Putting the furthest behind first
One hundred families live in Industrial City; that’s the moniker refugees have given to a ramshackle metropolis of plastic sheeting, timber frames and damp clothing flapping in the dusty wind. In the shadows of cement factories, each family has a different story to tell, none of which are easy to hear.
Fatima sits on a grubby mat beneath a whirring electric fan. There’s nothing else in the room since she sold most of belongings to buy food and pay rent. There’s just one other room — a dark and damp kitchen-cum bathroom. This is where Fatima lives with her six children.
Back in 2013, newly married mother of one, Fatima, lived in rural Aleppo. She spent her evenings listening to crickets and sipping tea with her husband. They’d talk about growing old together, and the songs they’d teach their grandchildren.
One night, Fatima’s bucolic safe space was destroyed and life turned upside down when a missile slammed into the house next door. The flash and almighty explosion still haunt her at night. The couple packed bags in the dark and at day break they ran as fast and as far as they could; towards Lebanon.

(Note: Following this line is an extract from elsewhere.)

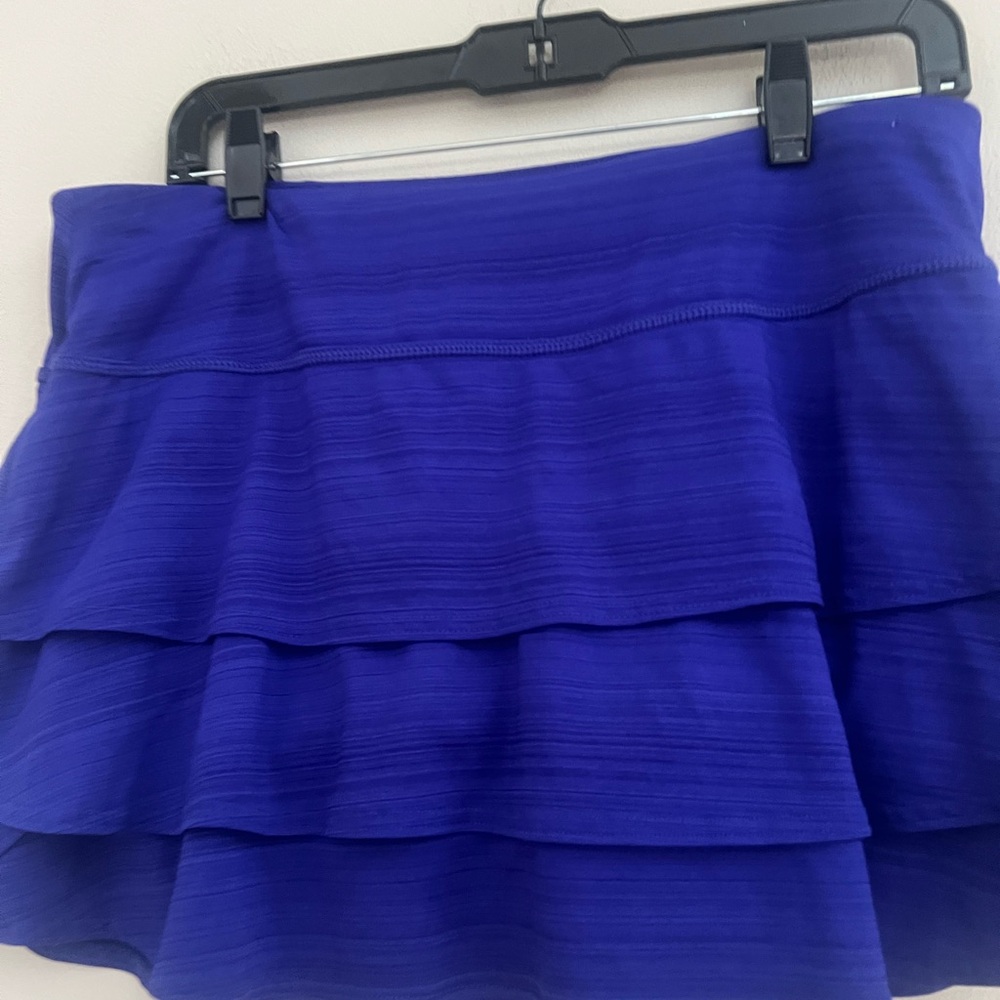 Athleta Vibrant Purple Tiered Skort - Picture 5 of 10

They settled in a field over the mountains and Fatima’s mother joined them. The family soon had to find ways to make ends meet. The husband sought out work and supplemented the depleting savings to buy food, clothing and when winter came, blankets and fuel.
Weeks and months drifted by as more and more violence wracked their home city and more and more Aleppines followed suit, becoming refugees in Lebanon. Fatima had four children and one day the World Food Programme (WFP) gave her an e-card loaded with money to buy food.
“Everyone abandoned me.”
One morning, when Fatima was pregnant again, her husband stepped outside, announcing he was going to buy a television.
A year later, he’s yet to return.
Fatima had no option but to join other women picking potatoes in the nearby fields. It was back-breaking work for little pay. She’d leave her increasingly frail mother at home to keep a watchful eye on the children, until one night she died in her sleep.
Now, Fatima’s unable to leave home. “Everyone abandoned me,” she says. Once she left the kids alone, then returned to find them in the kitchen, unscrewing a valve on the butane canister. Her only remaining option is to ask neighbours for childcare help but friends are few and far between and taking care of her now six children is more responsibility than most will to accept.
Four-month-old Anij cries a lot. Really, a lot. She looks sickly and her only source of nourishment is an expensive milk formula as Fatima is unable to produce breast milk.
“I have a burner but only cook rice on it. And we eat two bags of bread a day. It’s filling but not the best.”
Fatima is desperately lonely and struggling from day break to dusk. The evenings she used to spend mapping her future have been replaced by evenings consumed with worry that another child will become sick tomorrow and she won’t have a spare dollar for medicine.
The kitchen/bathroom is grim. It’s dark, miserable and scurrying cockroaches give the impression of a moving floor. There’s no fridge, and the summer sun and humidity rapidly spoil food. There’s half a jar of tomato sauce on the counter and a bottle of oil on the ground, but otherwise there’s no food to be seen.
“I have a burner but only cook rice on it. And we eat two bags of bread a day. It’s filling but not the best,” she says.
Fatima knows Anij doesn’t get the nourishment she needs. She implores us to compare her legs with the legs of the four-month-old next door. Apparently he looks “like a real child”.
She’s saving cash to replace the roof that won’t stand up to another winter. Two strong storms earlier this year battered the house and Fatima is fearful that without renovations, the family will end up homeless.
The family receive cash from WFP that Fatima withdraws from an ATM. From that point onwards, she decides where and how to spend it. With a $1,000 debt at the local shop, $120 of monthly rent, $20 of school transport fees, and seven mouths to feed, that money — is welcome — but it only goes so far.
For most vulnerable families in Lebanon, like Fatima’s, survival is possible only thanks to generous multi-purpose cash contributions. The Government of Norway has been a stalwart supporter of the programme since 2017. Such contributions ensure that whilst the misfortune continues, WFP is not abandoning the neediest.
Fatma’s seven-year-old Wafaa is now as old as the conflict. While she physically attends school, her mind is elsewhere. Convinced that her father is returning one day with that television, she barely focuses on anything else.